Propane is good for cooking and a backup generator. It's about on par for cost with electricity as a heat source, so I don't see much incentive to switch to a propane water heater, unless you want faster recovery time. Especially in your climate, I'd suggest considering a heat pump water heater if you want to reduce water heating costs.

Unfortunately, most solar PV systems do not replace a backup generator. Normal solar systems depend on the grid to regulate voltage and frequency. Doing so for backup requires a grid-interactive inverter that can run either way (modest extra cost), and should be paired with a battery bank to absorb excess power and provide surge power for high loads, in addition to keeping your lights on overnight (large extra cost).

You can ask the installer about the option of backup power, but I don't think all of them offer the option. Depending on your expectations for how long you want to be able to run, whether you're willing to cut your power use during that time, and the resulting costs, you may very well prefer to just keep your generator, since it's already paid for and has a very high capacity.


----------



## 7acres (Aug 31, 2016)

iamlucky13 said:


> Propane is good for cooking and a backup generator. It's about on par for cost with electricity as a heat source, so I don't see much incentive to switch to a propane water heater, unless you want faster recovery time. Especially in your climate, I'd suggest considering a heat pump water heater if you want to reduce water heating costs.
> 
> Unfortunately, most solar PV systems do not replace a backup generator. Normal solar systems depend on the grid to regulate voltage and frequency.
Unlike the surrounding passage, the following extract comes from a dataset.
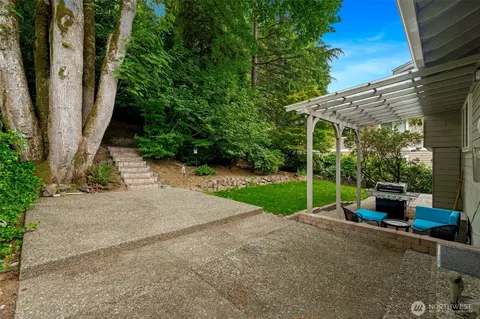Exterior - 14616 106th Ave NE, Bothell, WA 98011 photo 4 of 10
Doing so for backup requires a grid-interactive inverter that can run either way (modest extra cost), and should be paired with a battery bank to absorb excess power and provide surge power for high loads, in addition to keeping your lights on overnight (large extra cost).
> 
> You can ask the installer about the option of backup power, but I don't think all of them offer the option. Depending on your expectations for how long you want to be able to run, whether you're willing to cut your power use during that time, and the resulting costs, you may very well prefer to just keep your generator, since it's already paid for and has a very high capacity.



I just did a little reading up on the grid-interactive inverter.

Currently when the power goes down the generator's remote transfer panel fires up the generator and transfers the load directly to it with no batteries in the mix. 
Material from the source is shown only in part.